Abstract

Bone morphogenetic protein-4 (BMP-4) has been shown as an essential factor in differentiation of the primitive blood cells in Xenopus laevis embryo. Organizer factors, in contrast, function as a negative regulator for the blood cell differentiation. Differentiation of both blood cells and muscle tissue are negatively regulated by the organizer activity. However, blood cells but not muscle tissue can differentiate in the organizer-depleted embryos produced by removal of vegetal cortex cytoplasm at the one-cell stage. Thus the blood cells are totally independent cells from the organizer activity. The down-stream target molecules of the BMP-4 signaling, such as vent-1/2 and msx-1/2 are the positive regulators for muscle tissue differentiation, whereas these factors do not promote blood cell formation.

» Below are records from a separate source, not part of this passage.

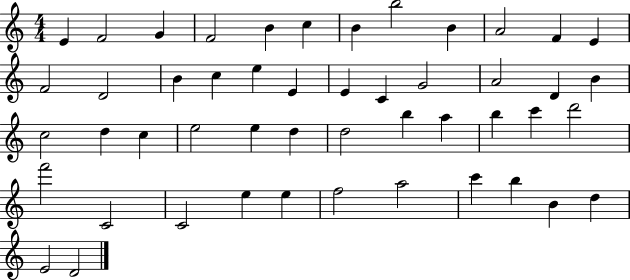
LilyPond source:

{
  \clef treble
  \numericTimeSignature
  \time 4/4
  \key c \major
  e'4 f'2 g'4 | f'2 b'4 c''4 | b'4 b''2 b'4 | a'2 f'4 e'4 | \break f'2 d'2 | b'4 c''4 e''4 e'4 | e'4 c'4 g'2 | a'2 d'4 b'4 | \break c''2 d''4 c''4 | e''2 e''4 d''4 | d''2 b''4 a''4 | b''4 c'''4 d'''2 | \break f'''2 c'2 | c'2 e''4 e''4 | f''2 a''2 | c'''4 b''4 b'4 d''4 | \break e'2 d'2 | \bar "|."
}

It has not yet been elucidated how the BMP-4 signaling promotes the differentiation of blood cells, but it is likely that transcription factors such as GATA-2, SCL, LMO-2, biklf and GATA-1 are at least involved in the initial blood program. Experiments using combined germ layer explants suggest that interaction between ectoderm and mesoderm at the gastrula stage is important for the blood cell formation in mesoderm. BMP-4 produced in the ectodermal cells is essential for this interaction. For understanding the whole program in the embryonic blood cell differentiation, it is important to elucidate the molecular mechanisms underlying the tissue-tissue interaction, in addition to the analysis of the regulatory cascade that takes place in the mesodermal cells.